Travelers who search for flights at AA.com will get several choices, including a basic fare and a package that includes a free checked bag and an onboard drink.

December 18, 2012|By Hugo Martín, Los Angeles Times
  • The Virgin America Loft at Los Angeles International Airport includes upholstered, wheel-shaped seats and flat-screen TVs. In addition to high-end snacks, the lounge offers aviation-themed drinks.
The Virgin America Loft at Los Angeles International Airport includes… (Virgin America )

Over the last four years, airlines have been charging for extras that were previously included in the price of a plane ticket, such as checked bags, food, drinks and pillows.

The trend may be reversing, with airlines starting to bundle those extras back together again.

American Airlines announced last week that passengers who search for flights at AA.com will get several choices, ranging from a basic fare to a package that includes a ticket plus a free checked bag, early boarding, an onboard drink and the option to change flights without paying a penalty.

It's an idea that has been seized on by a few other airlines, including Air Canada and Frontier Airlines of Denver.

On Air Canada, the package deals carry names such as Tango, Latitude and Executive Class Flexible.

Frontier calls its deals Economy, "Classic and Classic Plus.

American Airlines says the new bundle deals are in response to requests from passengers for more flexibility and convenience. The Forth Worth carrier's deals also address passenger complaints that they are often caught off guard by the extra charges they face at the airport or on the plane, airline officials said.

"This is the right thing to do," said Rick Elieson, American's managing director of digital marketing.

Still, the reviews on American Airlines' Facebook page were mixed.

Some passengers said the new ticketing system makes it difficult to sort by price, departure time and arrival time.

"The old way was better — this seems confusing," wrote a Facebook member from Miami.

But others liked the new offerings.

"Love this new website," said a Facebook user from Cambridge. "It's so easy!"

Elieson acknowledged that the changes may upset some passengers but said American probably will tweak the Web page in the near future to address those concerns.

Cathay flight attendants may refuse to serve food and drinks

Labor strife is common among airline workers, but flight attendants for Hong Kong carrier Cathay Pacific voted last week to try unusual tactics to push stalled salary negotiations.

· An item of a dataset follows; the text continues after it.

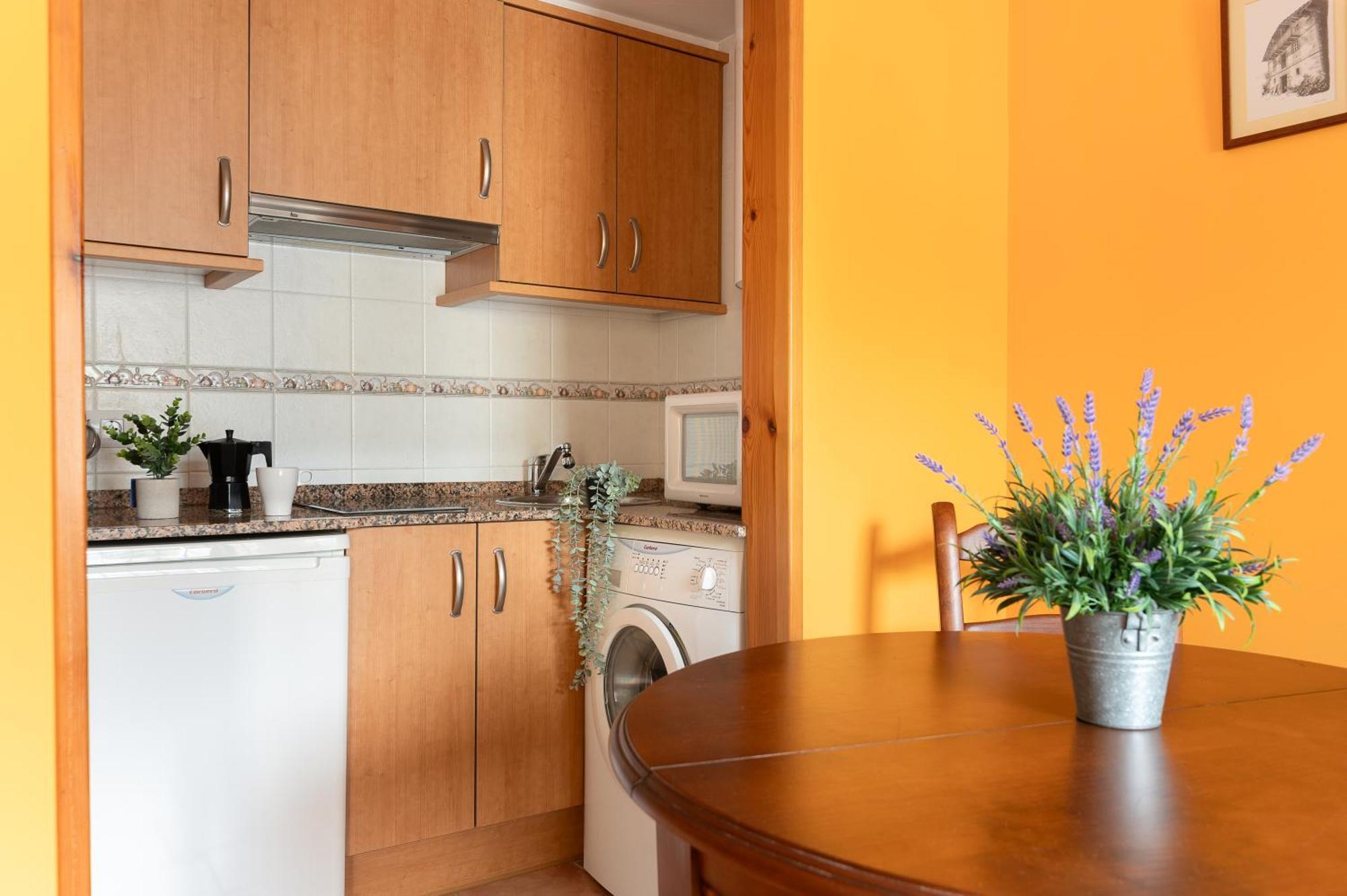 Apartamentos El Cruce De Moraton Cóbreces Dış mekan fotoğraf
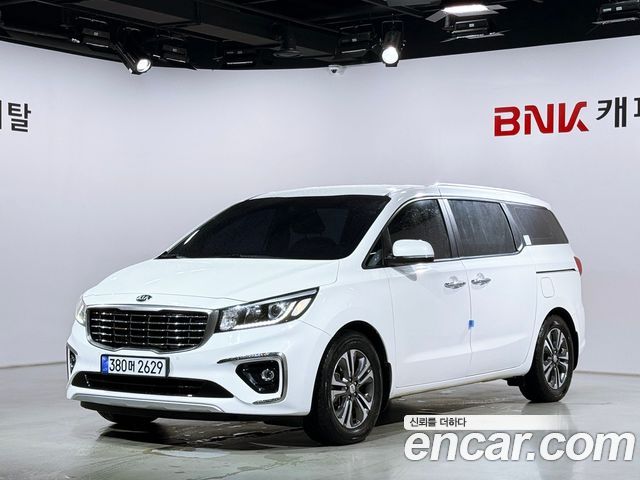 Kia Carnival 9-Seater Luxury — пробег 156 890 км — фото 1 из 5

The flight attendants, who demanded a 5% pay increase but instead were offered a 2% raise, were considering performing only their basic, safety-first responsibilities.

That means they could refrain from serving food and drinks, according to the union's general secretary, Tsang Kwok-fung. Not only that, he said, but they may also abstain from smiling at work.

"We will be selective in providing our services," Tsang told the Sydney Morning Herald, adding that the dates and the types of job action have yet to be decided.

"This could include not smiling at passengers, not providing certain types of beverages — such as alcohol — or stop serving meals," he said.

Virgin America opens lounge at LAX

Los Angeles is home to many stylish, exclusive nightclubs that draw some of the hippest crowds.

But the city's airport does not have such a cool reputation. In fact, a survey of 1,500 fliers last month ranked Los Angeles International Airport as one of the nation's three most stressful airports.

That may be changing.

Virgin America, which is based in San Francisco, last week opened at LAX a new passenger lounge, dubbed the Virgin America Loft. It is bathed in purple and red mood lighting and furnished with upholstered, wheel-shaped seats and flat-screen televisions.

In addition to high-end snacks, the lounge offers guests a menu of aviation-themed drinks, including Lofty Lemonade, Jet Stream Spritzer, Runway Ruddy Mary and the Mile-High Margarita.

Meanwhile, Petrossian, the high-end eatery with restaurants in New York and West Hollywood, announced plans to open a caviar and champagne bar at the airport. The new restaurant is part of a $4.1-billion modernization effort at LAX.

Gina Marie Lindsey, the executive director of the agency that runs the airport, said the upgrades are meant to "offer a sense of place, reflecting the culture, cuisine and trends of Los Angeles."